For more than 50 years, heparin(s) and warfarin have been the most important anticoagulant agents, and clinicians are accustomed to their specific antidotes (protamine sulfate and vitamin K/plasma [or factor concentrates], respectively). Recently, there has been an explosion of novel anticoagulant development: ideally, these newer agents should have advantages over traditional anticoagulants, such as fewer side effects, a more predictable pharmacokinetic profile (and potentially no need for monitoring), minimal drug-drug interactions, and so forth. But, unlike the older agents, the newer anticoagulants do not have specific antidotes.

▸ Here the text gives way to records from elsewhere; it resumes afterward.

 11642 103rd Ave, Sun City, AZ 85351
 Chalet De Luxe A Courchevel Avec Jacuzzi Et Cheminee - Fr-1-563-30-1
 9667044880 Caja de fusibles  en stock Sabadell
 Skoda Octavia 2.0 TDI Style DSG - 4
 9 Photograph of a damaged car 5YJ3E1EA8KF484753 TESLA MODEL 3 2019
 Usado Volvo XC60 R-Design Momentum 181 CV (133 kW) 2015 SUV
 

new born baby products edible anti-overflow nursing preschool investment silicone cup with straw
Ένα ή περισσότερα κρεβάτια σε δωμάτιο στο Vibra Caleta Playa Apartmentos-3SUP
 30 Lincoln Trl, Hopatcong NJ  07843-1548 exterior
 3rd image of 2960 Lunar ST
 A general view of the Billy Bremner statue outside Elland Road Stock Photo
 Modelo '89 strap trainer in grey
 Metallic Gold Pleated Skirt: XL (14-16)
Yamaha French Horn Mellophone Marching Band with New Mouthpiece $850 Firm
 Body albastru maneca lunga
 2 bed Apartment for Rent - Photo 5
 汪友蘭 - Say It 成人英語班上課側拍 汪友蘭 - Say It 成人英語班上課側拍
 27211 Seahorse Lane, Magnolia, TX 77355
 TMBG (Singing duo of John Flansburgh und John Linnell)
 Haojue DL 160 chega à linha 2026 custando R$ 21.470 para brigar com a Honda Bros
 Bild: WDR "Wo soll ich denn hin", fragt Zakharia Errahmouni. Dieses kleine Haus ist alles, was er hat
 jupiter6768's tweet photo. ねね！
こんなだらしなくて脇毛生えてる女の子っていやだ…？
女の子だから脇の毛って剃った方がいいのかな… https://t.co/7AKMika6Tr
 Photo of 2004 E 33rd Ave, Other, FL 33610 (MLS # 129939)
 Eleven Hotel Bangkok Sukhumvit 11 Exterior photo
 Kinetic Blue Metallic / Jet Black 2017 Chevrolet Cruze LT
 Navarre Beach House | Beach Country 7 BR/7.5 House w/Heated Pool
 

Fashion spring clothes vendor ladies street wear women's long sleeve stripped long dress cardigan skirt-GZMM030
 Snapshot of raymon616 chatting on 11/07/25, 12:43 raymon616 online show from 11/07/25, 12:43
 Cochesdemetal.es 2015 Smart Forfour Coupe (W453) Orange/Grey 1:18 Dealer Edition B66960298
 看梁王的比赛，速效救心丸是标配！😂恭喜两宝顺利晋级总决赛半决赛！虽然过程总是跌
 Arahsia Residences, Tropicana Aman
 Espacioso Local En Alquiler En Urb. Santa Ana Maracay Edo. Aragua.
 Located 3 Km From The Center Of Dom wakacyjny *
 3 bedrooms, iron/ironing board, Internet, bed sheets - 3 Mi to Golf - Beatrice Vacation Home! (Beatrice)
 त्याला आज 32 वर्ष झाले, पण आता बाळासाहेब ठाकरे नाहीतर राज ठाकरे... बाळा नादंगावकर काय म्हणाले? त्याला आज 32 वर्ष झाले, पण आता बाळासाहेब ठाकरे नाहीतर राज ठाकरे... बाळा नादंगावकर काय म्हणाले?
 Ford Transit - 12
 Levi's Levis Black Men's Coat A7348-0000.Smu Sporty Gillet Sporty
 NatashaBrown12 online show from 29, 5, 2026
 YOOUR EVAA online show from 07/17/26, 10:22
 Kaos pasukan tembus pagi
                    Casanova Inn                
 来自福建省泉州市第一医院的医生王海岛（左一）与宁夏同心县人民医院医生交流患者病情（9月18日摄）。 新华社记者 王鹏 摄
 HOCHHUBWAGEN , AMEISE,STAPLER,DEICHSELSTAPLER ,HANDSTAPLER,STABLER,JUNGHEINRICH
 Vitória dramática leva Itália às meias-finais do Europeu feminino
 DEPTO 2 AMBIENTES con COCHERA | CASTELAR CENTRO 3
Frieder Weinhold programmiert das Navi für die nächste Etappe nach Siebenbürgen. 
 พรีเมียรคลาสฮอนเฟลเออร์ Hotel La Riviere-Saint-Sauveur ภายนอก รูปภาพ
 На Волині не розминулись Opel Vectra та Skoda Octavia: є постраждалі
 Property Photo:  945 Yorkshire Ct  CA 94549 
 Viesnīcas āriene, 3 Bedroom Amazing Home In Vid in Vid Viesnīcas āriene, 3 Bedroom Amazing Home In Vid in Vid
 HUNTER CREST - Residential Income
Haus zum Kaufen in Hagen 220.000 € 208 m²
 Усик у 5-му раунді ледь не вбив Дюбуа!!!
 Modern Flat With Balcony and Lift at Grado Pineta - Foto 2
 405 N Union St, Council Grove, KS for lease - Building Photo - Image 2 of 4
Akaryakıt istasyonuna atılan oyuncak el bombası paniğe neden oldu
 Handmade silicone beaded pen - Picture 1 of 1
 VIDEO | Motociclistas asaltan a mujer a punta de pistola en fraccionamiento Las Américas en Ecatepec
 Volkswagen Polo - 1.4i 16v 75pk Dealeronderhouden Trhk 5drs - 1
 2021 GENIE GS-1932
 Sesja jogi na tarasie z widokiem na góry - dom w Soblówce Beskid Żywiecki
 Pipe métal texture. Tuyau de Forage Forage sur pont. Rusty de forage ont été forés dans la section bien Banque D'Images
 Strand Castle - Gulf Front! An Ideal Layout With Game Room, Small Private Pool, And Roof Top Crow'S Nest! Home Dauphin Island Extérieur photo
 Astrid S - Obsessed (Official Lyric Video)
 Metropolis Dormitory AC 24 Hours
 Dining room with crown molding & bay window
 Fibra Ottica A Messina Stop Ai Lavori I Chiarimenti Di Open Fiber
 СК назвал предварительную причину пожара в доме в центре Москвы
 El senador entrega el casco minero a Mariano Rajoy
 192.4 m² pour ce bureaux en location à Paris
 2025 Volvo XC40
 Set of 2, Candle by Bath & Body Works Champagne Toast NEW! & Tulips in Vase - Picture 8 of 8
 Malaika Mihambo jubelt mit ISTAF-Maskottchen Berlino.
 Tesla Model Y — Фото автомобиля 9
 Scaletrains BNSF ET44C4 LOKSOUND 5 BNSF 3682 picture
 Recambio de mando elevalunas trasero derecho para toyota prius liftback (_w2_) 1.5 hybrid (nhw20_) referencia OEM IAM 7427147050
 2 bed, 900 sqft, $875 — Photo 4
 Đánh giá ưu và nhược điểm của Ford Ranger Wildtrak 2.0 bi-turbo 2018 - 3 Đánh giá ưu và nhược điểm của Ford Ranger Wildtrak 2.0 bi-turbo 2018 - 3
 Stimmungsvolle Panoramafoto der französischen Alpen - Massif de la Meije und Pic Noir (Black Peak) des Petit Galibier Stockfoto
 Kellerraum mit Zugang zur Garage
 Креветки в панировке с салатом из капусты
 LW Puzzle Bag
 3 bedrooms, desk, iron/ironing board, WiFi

There is increasing focus on the use of nonspecific procoagulants, such as non-activated and activated prothrombin complex concentrates (PCCs) and recombinant factor VIIa (rFVIIa), to manage major bleeding or need for emergency invasive procedures. This paper reviews several of the novel anticoagulants and presents the available evidence for their “reversal”. Based on extrapolation from animal models, clinical anecdote, and an understanding of their mechanism of action, we recommend treating major bleeding complications of DTIs, as follows (in descending order of preference): activated PCCs; rFVIIa; and (non-activated) PCCs. For management of fondaparinux-associated bleeding, rFVIIa has some rationale (for which we provide an illustrative case). The increasing use of novel anticoagulants will require physicians to have an understanding of rational approaches to “reverse” their anticoagulant effects when true antidotes do not exist.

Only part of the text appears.